N'avez-vous jamais su qui s'était désisté ?Non, je n'ai pas vu la liste de Michel. C'est le genre de chose qu'on ne dit pas, parce qu'après… Moi je comprends qu'il y ait un joueur qui se soit dégonflé, parce que franchement, tirer un penalty en quart de finale de Coupe du Monde contre le Brésil, c'est compliqué. En plus, on avait toujours la hantise de ce qu'il s'était passé en 1982 en demi-finale contre l'Allemagne avec les penalties manqués de Didier Six et Maxime Bossis. On voit ce que ça a fait comme ravages. Donc moi, je comprends ceux qui disent "je ne le sens pas". Il vaut mieux ça que de dire "je vais le tirer" et le manquer ensuite. Je sais que Luis Fernandez a demandé à tirer en cinquième. Il s'est dit "si je marque, je fais gagner la France". Le feuilleton s'est très bien passé pour lui (rires) ! Le seul que je n'imaginais pas rater, c'est Platini. Le problème, c'est qu'il le tire au-dessus…

Revenons à ce moment où vous êtes seul dans le rond central…C'est terrible. C'est très long parce qu'il y a tout qui vous traverse. Tout. Vous pensez à votre famille, aux gens qui sont devant la télé, aux supporters… On se dit "si je rate ce penalty, je rentre en pirogue de Mexico". Où alors, peut-être que je ne serais jamais revenu et que je serais aujourd'hui en train de vendre des ananas sur la plage d'Acapulco… (rires). Non, mais franchement, c'est terrible. Tirer un penalty en coupe ou en championnat, d'accord, mais en Coupe du Monde, ce n'est pas pareil. C'est tout ce qui vous passe par la tête qui fait mal. En plus, on tirait du côté brésilien et il y avait je ne sais combien de milliers de personnes derrière le but, avec la samba et tout… Moi, c'est mes jambes qui faisaient la samba (rires).

Comment aviez-vous l'habitude de tirer les penalties ? Moi, je ne les tirais jamais.
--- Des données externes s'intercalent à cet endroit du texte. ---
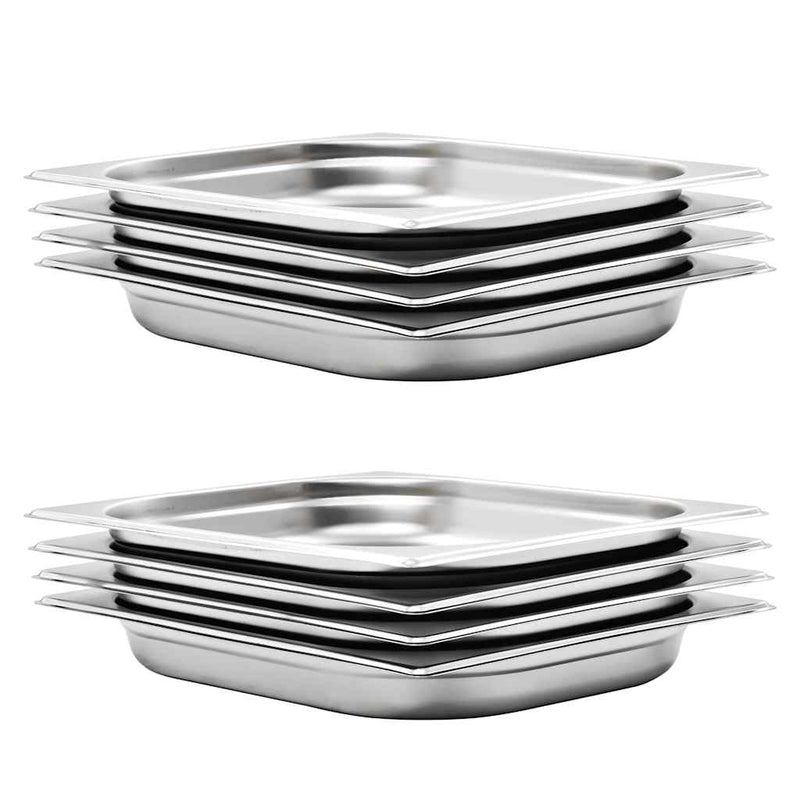 VIDAXL GASTRONORMBAKKEN 8 PC GN 1 2 40 mm Edelstahl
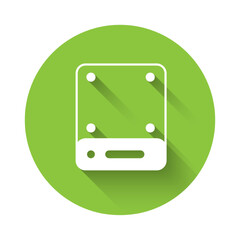 Poster - White Server, Data, Web Hosting icon isolated with long shadow background. Green circle button. Vector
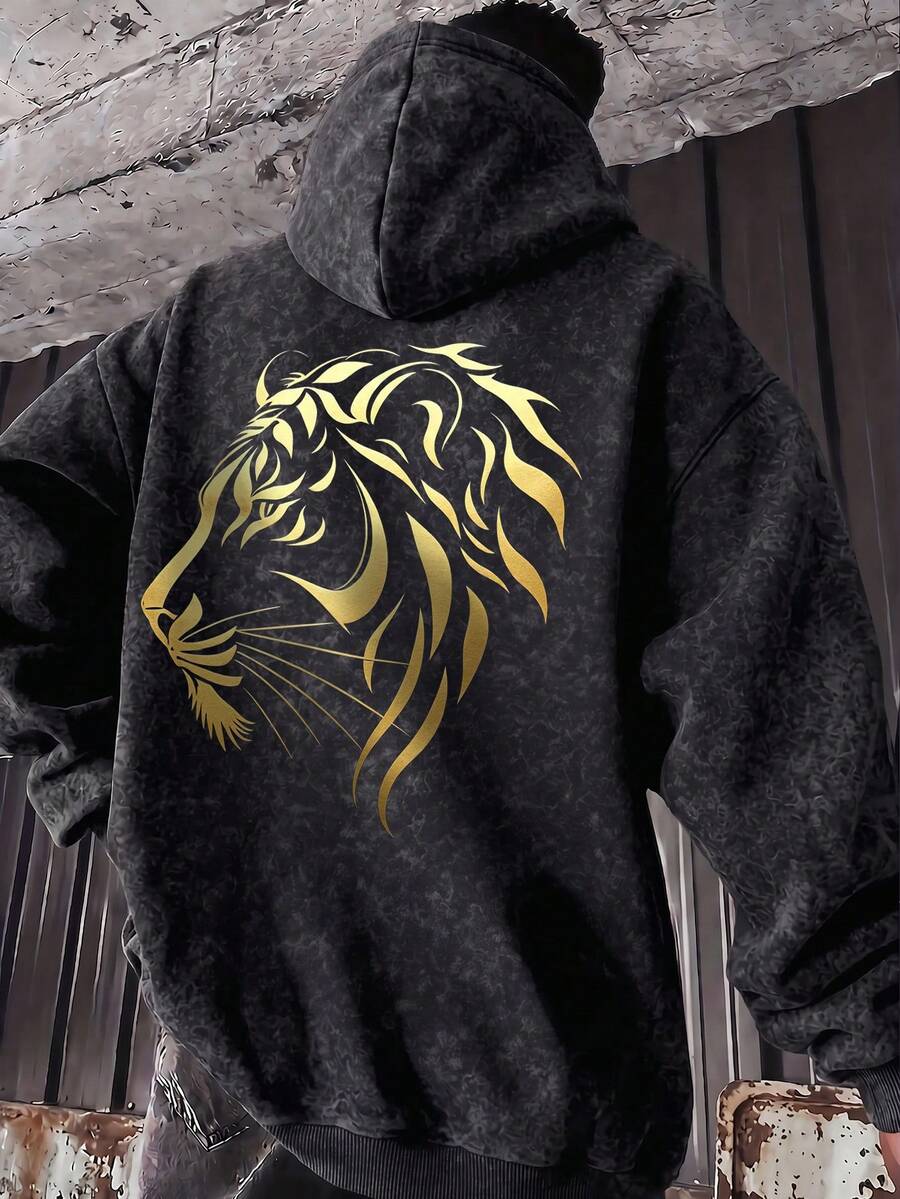 Men's American Vintage Gold Tiger Head Print Washed Distressed Hoodie - Black - View 1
Ce n'était pas mon truc et je laissais la place à ceux qui savaient. Il y a des joueurs qui aiment ça, pas moi. J'y allais vraiment quand j'étais obligé, comme là… (rires).

Comment avez-vous pris la décision de tirer comme vous l'avez fait ?Le gardien m'avait énervé. Avant que j'arrive, il discutait avec Zico en faisant des gestes et en annonçant où j'allais tirer. Ensuite, je pose le ballon, il me le bouge ! J'avais les nerfs. Au départ, je voulais la placer plat du pied sur son côté droit mais à l'arrivée, j'avais envie de frapper très fort, de lui envoyer sur la tête et que ça rentre. Au final, c'est ce qui est arrivé mais avec l'aide du poteau.

Qu'avez-vous pensé en voyant le ballon rentrer de cette manière ?Je me suis dit "ça y est, je suis sauvé. Je suis tranquille, je ne peux plus retirer. Je peux rentrer en France (rires) !" Il y a des Brésiliens qui pensaient que le but n'était pas valable. Ça aurait été le cas si je l'avais retouchée, mais là c'est le gardien qui se la met au fond. Je n'avais aucun doute, je connaissais les règles.

Pensez-vous que les Brésiliens ont plié mentalement après ce coup du sort ? Peut-être qu'ils se sont dit que ce n'était pas leur jour. J'aurais eu la même réaction si ça s'était passé de l'autre côté (rires).

Et en y repensant ensuite, que vous êtes-vous dit ?Je me suis dit que j'avais quelqu'un au dessus de ma tête qui veille sur moi. J'ai eu beaucoup de chance ce jour-là. Hormis le fait que j'ai dû arrêter ma carrière assez jeune, j'ai été très chanceux avec l'équipe de France et en championnat. Je n'ai joué que huit ans, et si on compte les blessures, ça ne fait pas beaucoup. J'ai connu le plus haut niveau en jouant assez peu.